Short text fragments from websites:
▼
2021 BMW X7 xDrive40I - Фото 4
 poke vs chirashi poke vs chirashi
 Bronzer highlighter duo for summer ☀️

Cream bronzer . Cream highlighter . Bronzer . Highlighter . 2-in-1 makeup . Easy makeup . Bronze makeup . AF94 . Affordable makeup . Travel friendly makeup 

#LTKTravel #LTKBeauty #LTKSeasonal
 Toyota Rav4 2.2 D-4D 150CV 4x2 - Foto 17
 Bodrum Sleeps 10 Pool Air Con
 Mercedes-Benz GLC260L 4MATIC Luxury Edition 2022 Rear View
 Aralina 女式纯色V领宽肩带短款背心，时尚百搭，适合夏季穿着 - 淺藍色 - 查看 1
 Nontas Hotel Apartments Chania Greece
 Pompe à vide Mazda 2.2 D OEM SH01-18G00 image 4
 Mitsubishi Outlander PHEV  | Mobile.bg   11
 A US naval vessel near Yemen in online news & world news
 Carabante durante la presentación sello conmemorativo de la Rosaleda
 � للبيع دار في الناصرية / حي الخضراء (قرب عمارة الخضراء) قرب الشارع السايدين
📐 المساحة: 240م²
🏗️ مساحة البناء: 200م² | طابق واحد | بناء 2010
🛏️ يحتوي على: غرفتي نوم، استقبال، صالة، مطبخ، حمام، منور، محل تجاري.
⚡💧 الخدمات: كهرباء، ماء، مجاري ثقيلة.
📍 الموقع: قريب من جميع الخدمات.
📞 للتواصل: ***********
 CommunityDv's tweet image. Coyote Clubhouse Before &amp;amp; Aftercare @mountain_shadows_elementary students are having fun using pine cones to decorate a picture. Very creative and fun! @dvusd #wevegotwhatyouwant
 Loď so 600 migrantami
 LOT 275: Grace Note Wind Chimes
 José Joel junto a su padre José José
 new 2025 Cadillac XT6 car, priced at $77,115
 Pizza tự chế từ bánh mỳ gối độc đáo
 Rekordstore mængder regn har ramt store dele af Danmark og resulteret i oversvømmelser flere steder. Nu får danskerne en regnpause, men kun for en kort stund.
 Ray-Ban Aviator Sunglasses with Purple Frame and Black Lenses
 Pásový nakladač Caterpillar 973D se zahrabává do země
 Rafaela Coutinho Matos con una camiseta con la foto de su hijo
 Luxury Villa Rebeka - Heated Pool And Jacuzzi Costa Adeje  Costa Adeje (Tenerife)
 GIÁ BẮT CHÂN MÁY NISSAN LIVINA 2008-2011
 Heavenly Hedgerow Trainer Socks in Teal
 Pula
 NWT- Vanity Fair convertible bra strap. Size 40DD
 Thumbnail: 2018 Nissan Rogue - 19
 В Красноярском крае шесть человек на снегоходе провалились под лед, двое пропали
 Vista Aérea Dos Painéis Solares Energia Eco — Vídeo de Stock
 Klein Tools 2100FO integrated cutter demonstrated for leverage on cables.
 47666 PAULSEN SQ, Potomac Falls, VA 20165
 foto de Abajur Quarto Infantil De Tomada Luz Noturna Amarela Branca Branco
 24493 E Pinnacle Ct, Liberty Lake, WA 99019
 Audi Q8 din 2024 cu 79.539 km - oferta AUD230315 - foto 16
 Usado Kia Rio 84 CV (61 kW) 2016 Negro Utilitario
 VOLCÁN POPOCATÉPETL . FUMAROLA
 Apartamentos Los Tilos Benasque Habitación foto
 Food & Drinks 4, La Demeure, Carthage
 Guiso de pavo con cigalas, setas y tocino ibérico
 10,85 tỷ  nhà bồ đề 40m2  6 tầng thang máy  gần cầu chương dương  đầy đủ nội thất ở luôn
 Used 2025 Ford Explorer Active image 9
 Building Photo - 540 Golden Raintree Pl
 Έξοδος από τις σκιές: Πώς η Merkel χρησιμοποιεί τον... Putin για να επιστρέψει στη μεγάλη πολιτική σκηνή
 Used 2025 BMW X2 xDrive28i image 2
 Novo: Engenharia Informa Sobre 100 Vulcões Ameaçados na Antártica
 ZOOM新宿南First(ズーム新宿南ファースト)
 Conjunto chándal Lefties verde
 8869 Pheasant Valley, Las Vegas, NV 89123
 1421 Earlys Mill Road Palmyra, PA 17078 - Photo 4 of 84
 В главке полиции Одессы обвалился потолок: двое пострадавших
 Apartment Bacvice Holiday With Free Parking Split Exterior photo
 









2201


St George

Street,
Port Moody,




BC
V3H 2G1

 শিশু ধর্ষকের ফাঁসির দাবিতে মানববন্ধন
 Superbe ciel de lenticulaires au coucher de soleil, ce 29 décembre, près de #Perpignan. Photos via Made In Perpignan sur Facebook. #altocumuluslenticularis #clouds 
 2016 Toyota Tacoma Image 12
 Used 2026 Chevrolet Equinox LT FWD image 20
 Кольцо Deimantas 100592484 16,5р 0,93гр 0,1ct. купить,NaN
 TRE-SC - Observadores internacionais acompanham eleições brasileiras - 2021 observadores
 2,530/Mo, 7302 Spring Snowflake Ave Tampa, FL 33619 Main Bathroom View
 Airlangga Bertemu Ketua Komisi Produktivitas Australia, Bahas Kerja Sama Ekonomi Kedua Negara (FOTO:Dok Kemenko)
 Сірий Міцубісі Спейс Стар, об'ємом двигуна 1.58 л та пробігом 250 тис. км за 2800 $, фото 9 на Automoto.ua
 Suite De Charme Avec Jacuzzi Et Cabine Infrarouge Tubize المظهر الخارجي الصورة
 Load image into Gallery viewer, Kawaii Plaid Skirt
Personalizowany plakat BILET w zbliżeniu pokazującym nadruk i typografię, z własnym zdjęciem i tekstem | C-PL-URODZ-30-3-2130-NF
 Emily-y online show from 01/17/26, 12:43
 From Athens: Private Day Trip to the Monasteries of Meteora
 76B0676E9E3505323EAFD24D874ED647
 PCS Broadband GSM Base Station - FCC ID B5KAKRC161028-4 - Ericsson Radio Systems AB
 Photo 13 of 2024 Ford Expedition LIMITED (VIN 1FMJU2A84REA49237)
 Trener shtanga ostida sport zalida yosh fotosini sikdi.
▲
TASK DETAILS: Would you please copy exactly the part of the entries above that begins at the line containing "Airlangga Bertemu Ketua" and ends at the line containing "Photo 13 of", both lines included?

TASK ANSWER:
 Airlangga Bertemu Ketua Komisi Produktivitas Australia, Bahas Kerja Sama Ekonomi Kedua Negara (FOTO:Dok Kemenko)
 Сірий Міцубісі Спейс Стар, об'ємом двигуна 1.58 л та пробігом 250 тис. км за 2800 $, фото 9 на Automoto.ua
 Suite De Charme Avec Jacuzzi Et Cabine Infrarouge Tubize المظهر الخارجي الصورة
 Load image into Gallery viewer, Kawaii Plaid Skirt
Personalizowany plakat BILET w zbliżeniu pokazującym nadruk i typografię, z własnym zdjęciem i tekstem | C-PL-URODZ-30-3-2130-NF
 Emily-y online show from 01/17/26, 12:43
 From Athens: Private Day Trip to the Monasteries of Meteora
 76B0676E9E3505323EAFD24D874ED647
 PCS Broadband GSM Base Station - FCC ID B5KAKRC161028-4 - Ericsson Radio Systems AB
 Photo 13 of 2024 Ford Expedition LIMITED (VIN 1FMJU2A84REA49237)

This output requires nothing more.